It’s a work in progress.
Just 40 hours after learning All-Star center DeMarcus Cousins would miss the remainder of the season, the reconfigured New Orleans Pelicans took the floor for the first time without him.
What looked like an easy transition in the early going eventually revealed how long the learning curve might be. A 21-point lead disappeared in less than a quarter, as the Los Angeles Clippers dominated the second half en route to a 112-103 win at the Smoothie King Center.
It marked the Pelicans' first loss in five games, but in many ways, this one felt like the start of a new season.

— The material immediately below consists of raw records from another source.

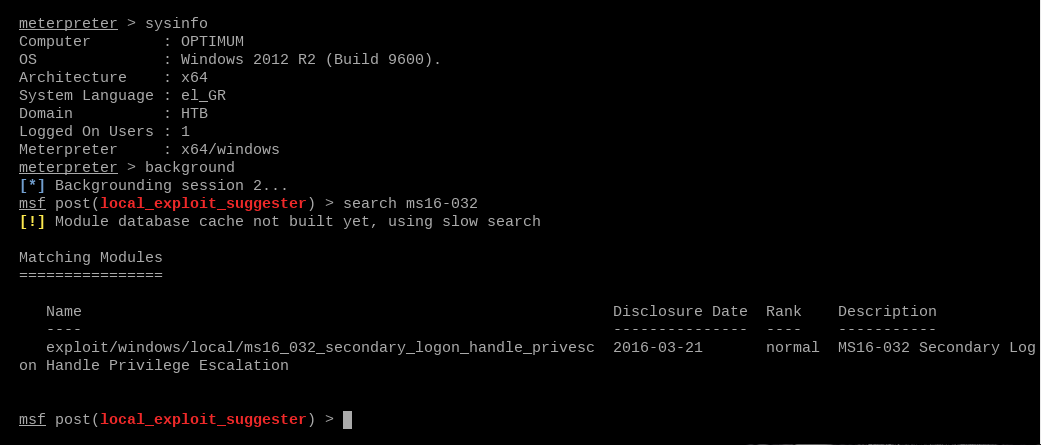 msfconsole ms16-032 search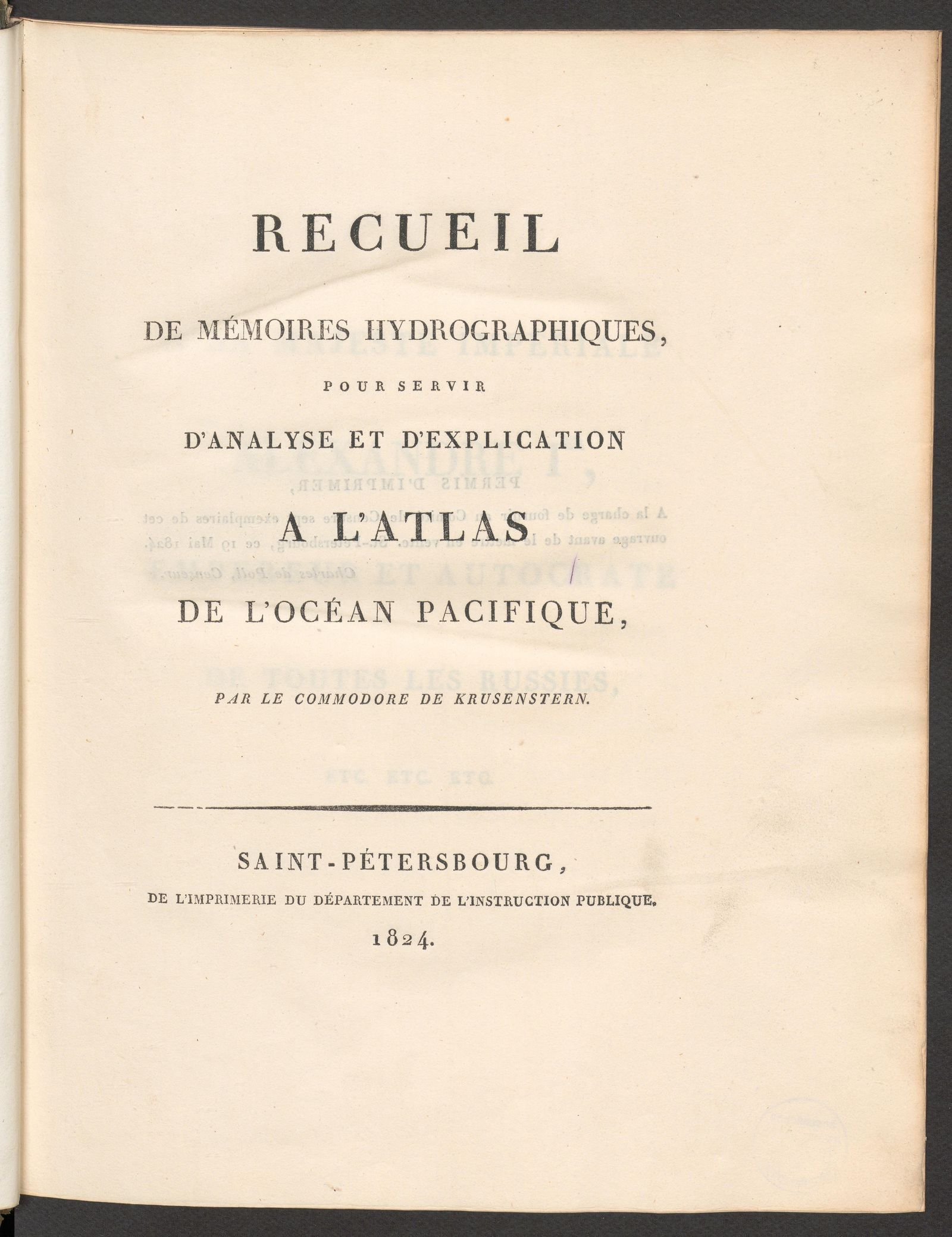 Изображение Recueil de mémoires hydrographiques, pour servir d'analyse et d'explication a l'Atlas de l'océan Pacifique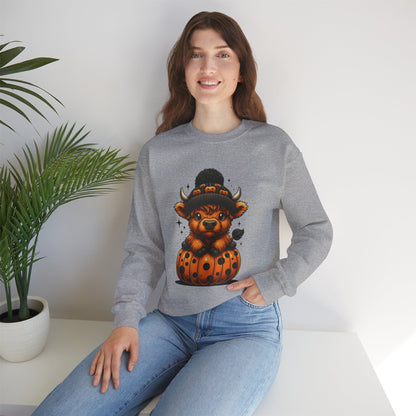 Halloween Cow Calf in Pumpkin Crewneck Sweatshirt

"If we win today, we're not going to think we've got it figured out,” coach Alvin Gentry said before the tip. "If we lose today, then we're not going to think the world's coming to an end. We're not dead. We just lost a good player."
But for a few stretches, it looked like the Pelicans might need to be re-birthed to maintain their playoff status.
Without Cousins to pull away defenders’ attention, the Clippers keyed on Anthony Davis and didn’t allow him many clean looks at the rim, forcing the Pelicans offense to attack from the outside.
“He’s not going to play against two or three guys, and that’s the challenge right now without DeMarcus out there,” Gentry said. “So, he has two or three guys on him, and he’s making the right basketball play.”
But many of the shots Davis created failed to fall.
As the once-big lead slipped away, New Orleans missed 11 consecutive 3-pointers. They finished just 9 of 34 (26.5 percent) from beyond the arc, and seven of those makes came during a first-half flurry.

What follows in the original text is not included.